*** Collected material ***
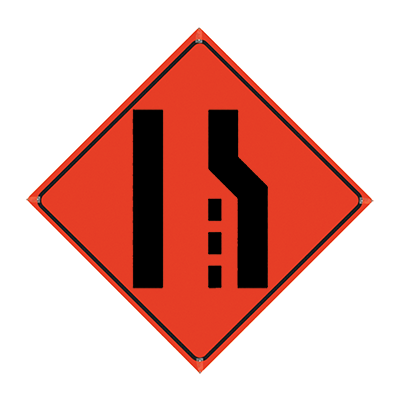 48 in Reflective Orange Vinyl Roll-Up Sign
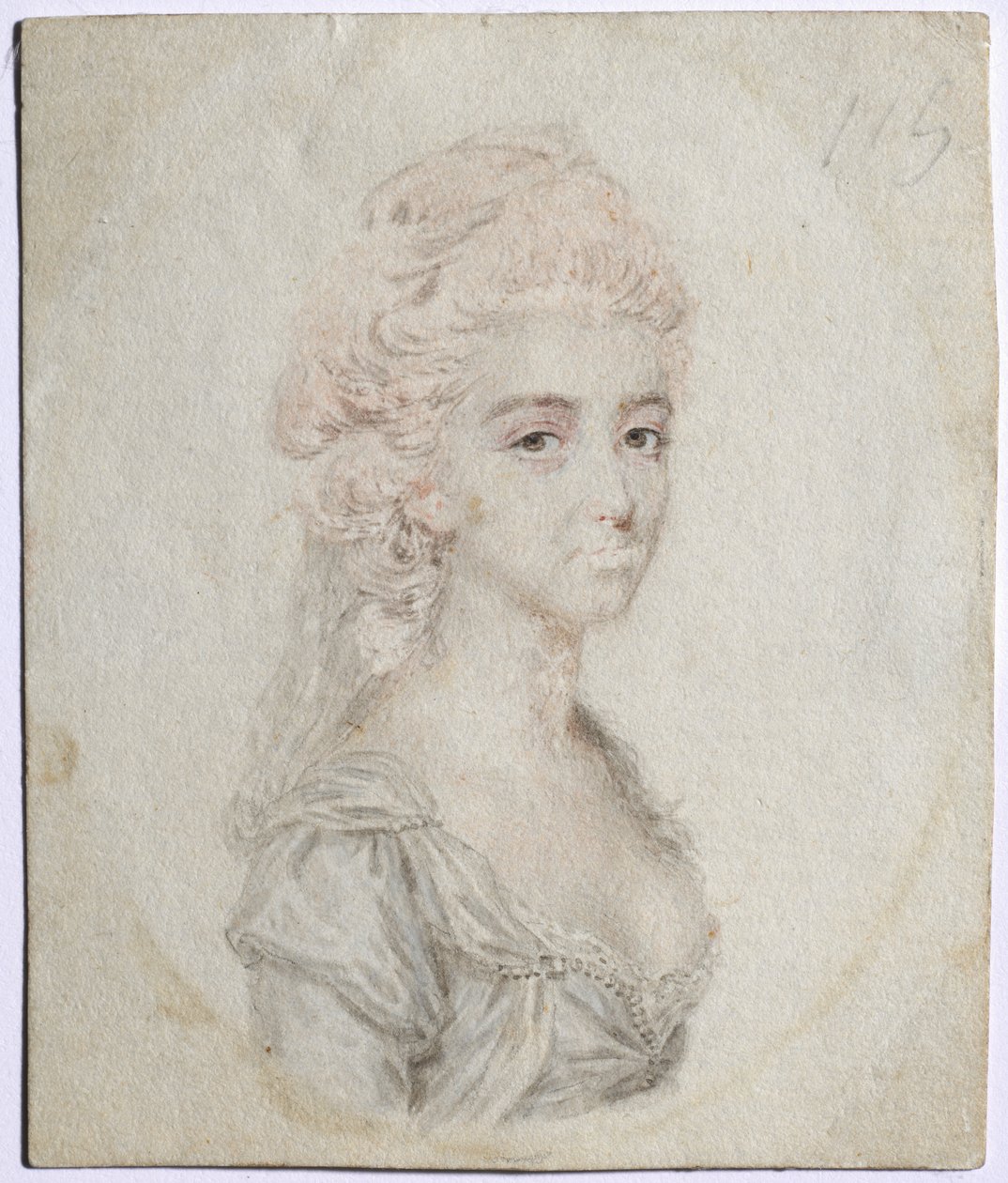 Portræt af en kvinde, ca. 1776. af John I. smart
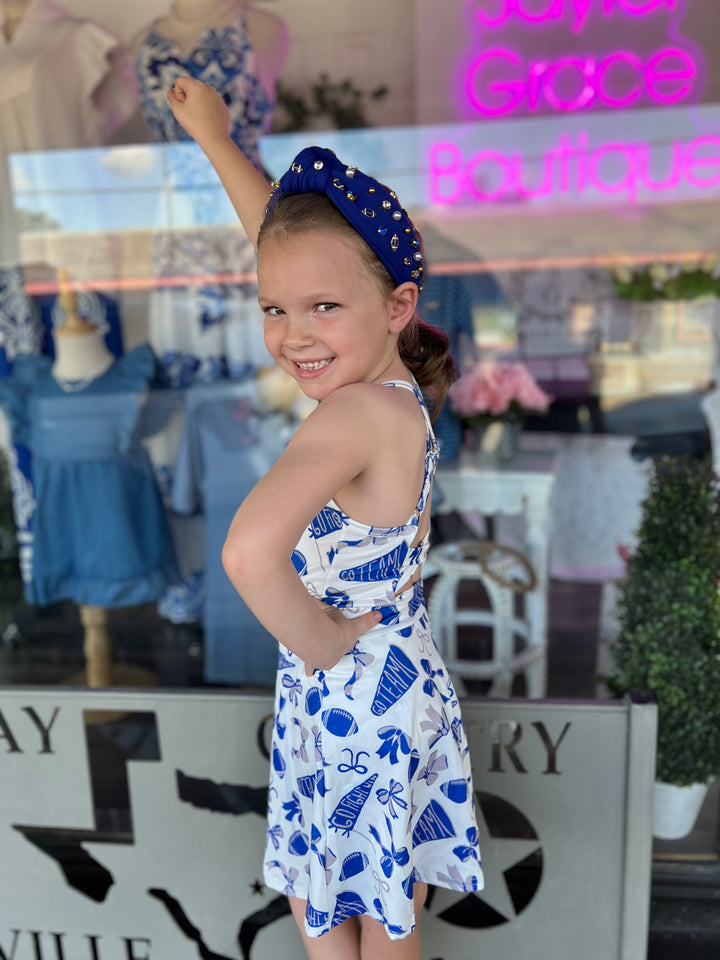 GO TEAM DRESS - ROYAL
*** End of Collected material ***
● **Exercise directions**
For this exercise, reproduce the data above exactly from the line containing "Portræt af en" through its final line, both ends included, with no pictures in the copy.

● **Exercise response**
 Portræt af en kvinde, ca. 1776. af John I. smart
 GO TEAM DRESS - ROYAL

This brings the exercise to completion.